Since the Loudoun Blog took it upon itself to insert itself into the Sheriff’s race last year, I felt it important to comment on the concept of the Sheriff’s office being all but replaced by a police force reporting to the board. York announced that he was submitting the idea to be studied by the Public Safety Committee…
“We’re in a situation where we’ve increased in population such that we’re not the rural county we once were,” York said. “Our surrounding jurisdictions, Prince William, Fairfax, Arlington, all have police forces, but they also have a sheriff’s office for the courts.”
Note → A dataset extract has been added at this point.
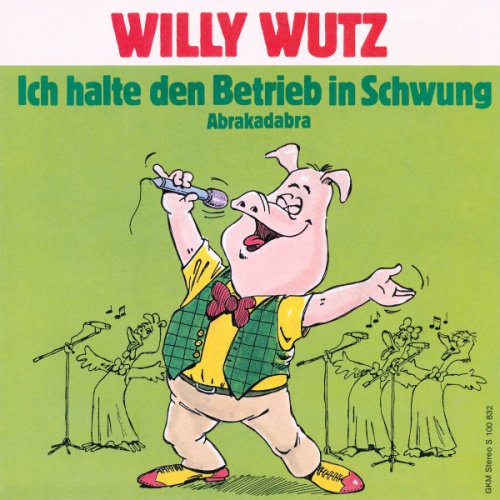 Vinyl / Willy Wutz - Ich Halte Den Betrieb In Schwung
…Sheriff Stephen O. Simpson (I) strongly opposes the move to a police force. During last year’s three-way race for sheriff, both the Democrat and Republican candidates endorsed the switch. Starting his fourth term, Simpson says a police force is unnecessary because all of the services a police department would give are already being provide by the sheriff’s office and its almost 500 deputies.
“We’re the largest full-service sheriff’s office in Virginia,” he said. “A police department would not change anything we do. Some of the largest law enforcement units in the U.S. are sheriff’s offices.”
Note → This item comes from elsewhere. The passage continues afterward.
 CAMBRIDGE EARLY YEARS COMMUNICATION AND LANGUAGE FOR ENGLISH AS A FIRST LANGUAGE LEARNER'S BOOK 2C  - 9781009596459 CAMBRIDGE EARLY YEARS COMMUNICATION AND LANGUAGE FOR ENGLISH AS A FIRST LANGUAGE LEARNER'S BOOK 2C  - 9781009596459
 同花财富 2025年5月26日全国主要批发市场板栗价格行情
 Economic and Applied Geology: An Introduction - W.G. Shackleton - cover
Simpson also challenges the claim that the sheriff’s office does not provide job security and does not hold him accountable enough to the county.
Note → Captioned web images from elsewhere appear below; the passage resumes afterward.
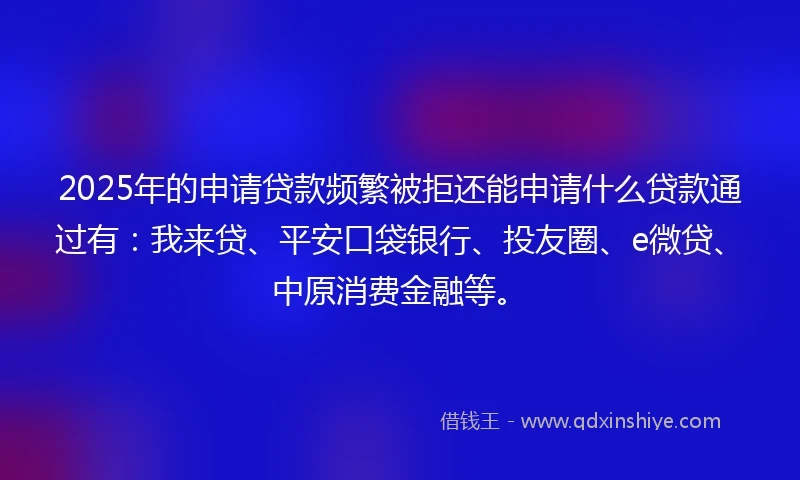 2025年的申请贷款频繁被拒还能申请什么贷款通过有：我来贷、平安口袋银行、投友圈、e微贷、中原消费金融等。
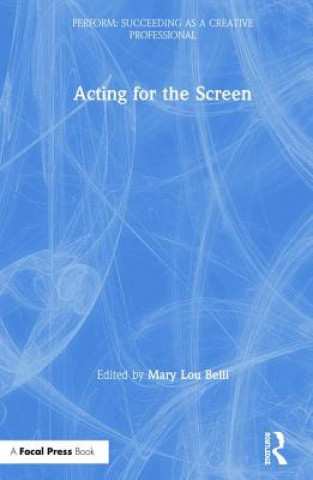 Kniha Acting for the Screen Mary Lou Belli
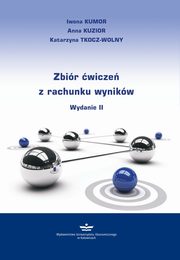 ksiazka tytu: Zbir wicze z rachunku wynikw wyd.2 autor: Kumor Iwona, Kuzior Anna, Tkocz wolny Katarzyna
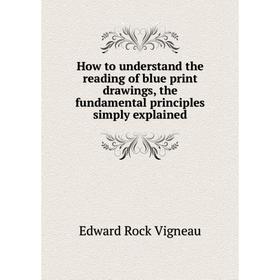 

Книга How to understand the reading of blue print drawings, the fundamental principles simply explained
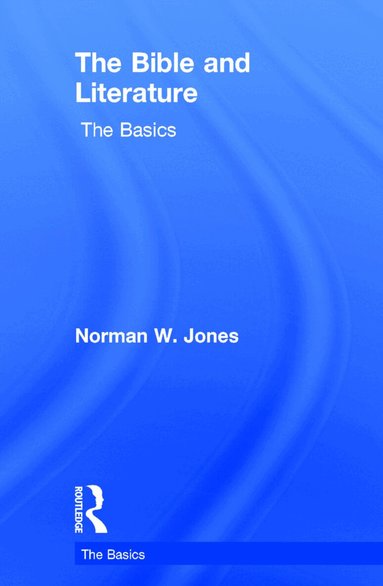 Norman W. Jones - Bible and Literature: The Basics, Inbunden
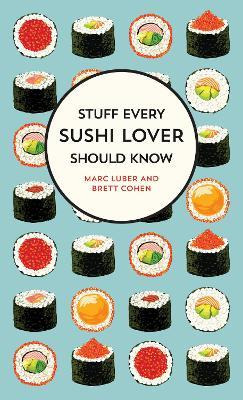 Libro Stuff Every Sushi Lover Should Know : Stuff Every S...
“I think there’s more accountability this way,” he said. “I am accountable to every citizen in the county. If you hire a police chief he’s only accountable to nine people.”
It’s an interesting question what the real change would be and what the practical differences are between an elected Sheriff and an appointed Chief of Police. And wouldn’t it mean that there would be no reason for an election for Sheriff at all? Why would we even bother to elect a constitutional officer whose only responsibility would be to run the county jail and guard the courthouse?